• _Exercise prompt_
Each line holding the string "View" is to be copied from the data.

• _Supplied records_
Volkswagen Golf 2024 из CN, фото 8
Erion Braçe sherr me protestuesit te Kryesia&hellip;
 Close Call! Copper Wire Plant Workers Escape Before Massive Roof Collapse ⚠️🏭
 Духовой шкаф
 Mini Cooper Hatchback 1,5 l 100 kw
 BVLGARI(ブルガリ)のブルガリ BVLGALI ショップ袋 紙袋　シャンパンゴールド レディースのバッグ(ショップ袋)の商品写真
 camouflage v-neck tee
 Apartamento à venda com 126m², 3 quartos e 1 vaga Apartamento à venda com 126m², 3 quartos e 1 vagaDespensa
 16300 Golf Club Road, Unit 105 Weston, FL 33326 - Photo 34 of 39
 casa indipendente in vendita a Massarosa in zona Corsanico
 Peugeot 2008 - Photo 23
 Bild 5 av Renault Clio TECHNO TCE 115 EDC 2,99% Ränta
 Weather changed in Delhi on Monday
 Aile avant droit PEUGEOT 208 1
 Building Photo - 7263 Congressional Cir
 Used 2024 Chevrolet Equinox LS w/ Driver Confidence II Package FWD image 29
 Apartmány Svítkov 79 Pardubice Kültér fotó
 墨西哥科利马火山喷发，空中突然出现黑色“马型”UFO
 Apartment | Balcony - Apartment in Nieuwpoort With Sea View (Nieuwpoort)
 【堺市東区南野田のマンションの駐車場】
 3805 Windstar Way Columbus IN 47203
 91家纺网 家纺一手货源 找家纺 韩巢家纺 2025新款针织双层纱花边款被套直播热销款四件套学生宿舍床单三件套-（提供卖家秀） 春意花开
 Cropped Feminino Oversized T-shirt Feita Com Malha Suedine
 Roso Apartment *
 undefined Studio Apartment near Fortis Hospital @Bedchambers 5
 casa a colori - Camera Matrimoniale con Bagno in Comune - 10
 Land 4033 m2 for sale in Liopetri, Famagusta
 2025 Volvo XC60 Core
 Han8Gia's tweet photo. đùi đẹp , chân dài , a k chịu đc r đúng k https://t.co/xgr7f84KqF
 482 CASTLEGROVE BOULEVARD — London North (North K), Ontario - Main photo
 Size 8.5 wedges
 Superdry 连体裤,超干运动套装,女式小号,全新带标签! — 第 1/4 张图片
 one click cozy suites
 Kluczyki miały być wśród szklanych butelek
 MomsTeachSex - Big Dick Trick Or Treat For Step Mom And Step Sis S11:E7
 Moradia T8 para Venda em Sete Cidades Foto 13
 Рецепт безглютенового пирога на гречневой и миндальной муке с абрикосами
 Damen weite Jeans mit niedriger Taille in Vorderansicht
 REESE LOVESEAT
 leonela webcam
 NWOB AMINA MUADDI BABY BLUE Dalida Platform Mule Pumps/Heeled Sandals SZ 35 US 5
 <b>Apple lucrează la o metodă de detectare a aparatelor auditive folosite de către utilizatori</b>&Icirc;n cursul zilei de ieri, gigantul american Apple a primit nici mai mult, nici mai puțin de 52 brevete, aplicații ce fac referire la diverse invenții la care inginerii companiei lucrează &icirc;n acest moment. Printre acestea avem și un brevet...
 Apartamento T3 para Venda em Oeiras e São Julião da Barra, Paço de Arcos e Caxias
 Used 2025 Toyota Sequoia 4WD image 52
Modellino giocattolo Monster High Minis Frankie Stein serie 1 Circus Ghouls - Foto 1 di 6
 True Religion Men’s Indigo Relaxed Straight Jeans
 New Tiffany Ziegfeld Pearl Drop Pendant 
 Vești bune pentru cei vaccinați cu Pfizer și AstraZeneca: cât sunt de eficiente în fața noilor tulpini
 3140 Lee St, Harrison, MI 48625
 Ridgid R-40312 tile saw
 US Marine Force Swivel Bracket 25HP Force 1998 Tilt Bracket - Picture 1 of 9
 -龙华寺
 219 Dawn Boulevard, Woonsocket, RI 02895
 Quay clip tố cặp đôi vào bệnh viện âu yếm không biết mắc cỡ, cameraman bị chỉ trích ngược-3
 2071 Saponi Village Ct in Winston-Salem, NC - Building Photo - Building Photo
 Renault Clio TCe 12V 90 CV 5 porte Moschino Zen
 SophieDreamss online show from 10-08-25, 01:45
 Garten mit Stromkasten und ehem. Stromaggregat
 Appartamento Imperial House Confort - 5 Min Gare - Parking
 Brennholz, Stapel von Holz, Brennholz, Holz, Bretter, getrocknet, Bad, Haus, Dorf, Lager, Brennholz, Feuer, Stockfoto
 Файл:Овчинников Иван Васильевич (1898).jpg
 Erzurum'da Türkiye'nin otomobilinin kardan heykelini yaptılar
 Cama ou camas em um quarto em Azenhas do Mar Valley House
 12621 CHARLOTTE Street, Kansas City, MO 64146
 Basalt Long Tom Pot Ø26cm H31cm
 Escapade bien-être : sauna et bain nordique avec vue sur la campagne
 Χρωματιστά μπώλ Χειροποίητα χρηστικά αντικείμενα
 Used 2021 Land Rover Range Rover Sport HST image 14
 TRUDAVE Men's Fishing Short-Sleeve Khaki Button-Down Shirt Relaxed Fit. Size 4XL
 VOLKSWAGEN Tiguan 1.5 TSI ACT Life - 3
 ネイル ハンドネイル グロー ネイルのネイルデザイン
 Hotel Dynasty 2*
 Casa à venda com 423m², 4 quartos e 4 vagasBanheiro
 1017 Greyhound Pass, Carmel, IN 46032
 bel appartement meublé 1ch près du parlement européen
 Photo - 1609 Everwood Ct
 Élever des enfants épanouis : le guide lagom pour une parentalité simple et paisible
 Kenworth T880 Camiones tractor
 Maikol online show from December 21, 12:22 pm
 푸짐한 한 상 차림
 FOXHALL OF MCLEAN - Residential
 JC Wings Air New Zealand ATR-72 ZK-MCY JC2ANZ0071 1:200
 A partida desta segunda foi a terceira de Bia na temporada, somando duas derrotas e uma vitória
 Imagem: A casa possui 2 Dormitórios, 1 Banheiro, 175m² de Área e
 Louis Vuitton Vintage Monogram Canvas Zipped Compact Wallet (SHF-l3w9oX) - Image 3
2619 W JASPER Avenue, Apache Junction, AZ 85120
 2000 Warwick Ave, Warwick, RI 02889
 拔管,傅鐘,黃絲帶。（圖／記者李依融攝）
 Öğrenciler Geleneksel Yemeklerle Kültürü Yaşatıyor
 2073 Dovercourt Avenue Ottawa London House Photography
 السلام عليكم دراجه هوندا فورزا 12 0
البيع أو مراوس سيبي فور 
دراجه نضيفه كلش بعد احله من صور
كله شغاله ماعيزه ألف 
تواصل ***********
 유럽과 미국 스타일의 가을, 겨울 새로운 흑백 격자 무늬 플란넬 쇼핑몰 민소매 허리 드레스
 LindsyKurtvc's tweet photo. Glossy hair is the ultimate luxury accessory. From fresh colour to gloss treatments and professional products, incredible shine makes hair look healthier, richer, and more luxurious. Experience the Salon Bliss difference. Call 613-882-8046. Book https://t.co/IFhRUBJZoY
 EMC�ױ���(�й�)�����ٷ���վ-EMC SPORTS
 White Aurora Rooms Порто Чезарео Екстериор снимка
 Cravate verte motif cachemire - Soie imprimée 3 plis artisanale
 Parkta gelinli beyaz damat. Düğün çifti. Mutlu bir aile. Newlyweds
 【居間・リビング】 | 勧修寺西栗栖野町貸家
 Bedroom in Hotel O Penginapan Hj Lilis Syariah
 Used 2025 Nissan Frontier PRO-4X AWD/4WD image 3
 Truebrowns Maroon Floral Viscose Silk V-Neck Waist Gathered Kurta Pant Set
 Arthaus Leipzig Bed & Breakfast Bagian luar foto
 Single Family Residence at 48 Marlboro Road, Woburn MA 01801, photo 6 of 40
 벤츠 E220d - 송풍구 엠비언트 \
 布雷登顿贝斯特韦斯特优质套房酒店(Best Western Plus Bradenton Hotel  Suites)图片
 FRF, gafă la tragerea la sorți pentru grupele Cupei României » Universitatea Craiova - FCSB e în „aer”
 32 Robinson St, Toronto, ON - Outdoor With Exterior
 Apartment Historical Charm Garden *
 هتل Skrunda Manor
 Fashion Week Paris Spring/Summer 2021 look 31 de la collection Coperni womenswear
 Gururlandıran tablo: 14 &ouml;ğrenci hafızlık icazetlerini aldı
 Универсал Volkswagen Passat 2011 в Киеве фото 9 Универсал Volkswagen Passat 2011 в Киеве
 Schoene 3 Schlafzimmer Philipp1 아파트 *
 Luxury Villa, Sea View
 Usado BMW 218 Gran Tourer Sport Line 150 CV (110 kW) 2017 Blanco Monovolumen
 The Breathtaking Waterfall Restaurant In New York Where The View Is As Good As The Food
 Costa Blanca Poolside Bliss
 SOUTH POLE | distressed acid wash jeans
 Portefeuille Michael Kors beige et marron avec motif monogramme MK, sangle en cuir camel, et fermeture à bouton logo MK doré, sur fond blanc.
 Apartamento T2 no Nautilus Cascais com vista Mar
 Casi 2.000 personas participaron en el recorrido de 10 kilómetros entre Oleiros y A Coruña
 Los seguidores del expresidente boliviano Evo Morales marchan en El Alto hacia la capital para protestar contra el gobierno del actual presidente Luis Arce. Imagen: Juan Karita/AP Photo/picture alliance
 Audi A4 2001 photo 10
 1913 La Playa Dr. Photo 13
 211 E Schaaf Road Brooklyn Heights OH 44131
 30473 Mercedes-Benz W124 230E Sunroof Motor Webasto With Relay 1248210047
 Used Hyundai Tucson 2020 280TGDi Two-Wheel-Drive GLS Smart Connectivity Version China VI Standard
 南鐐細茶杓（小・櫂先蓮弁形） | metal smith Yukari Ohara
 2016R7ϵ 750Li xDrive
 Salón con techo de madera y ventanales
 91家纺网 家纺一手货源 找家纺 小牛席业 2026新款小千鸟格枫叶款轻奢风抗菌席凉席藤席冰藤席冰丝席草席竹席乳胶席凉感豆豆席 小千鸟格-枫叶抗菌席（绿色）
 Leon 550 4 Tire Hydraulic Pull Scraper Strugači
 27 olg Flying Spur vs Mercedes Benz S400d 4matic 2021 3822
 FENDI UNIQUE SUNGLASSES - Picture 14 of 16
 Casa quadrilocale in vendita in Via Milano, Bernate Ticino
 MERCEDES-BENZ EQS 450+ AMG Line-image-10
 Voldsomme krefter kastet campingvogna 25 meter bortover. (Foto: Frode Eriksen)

• _Problem solution_
 Apartment | Balcony - Apartment in Nieuwpoort With Sea View (Nieuwpoort)
 Luxury Villa, Sea View
 The Breathtaking Waterfall Restaurant In New York Where The View Is As Good As The Food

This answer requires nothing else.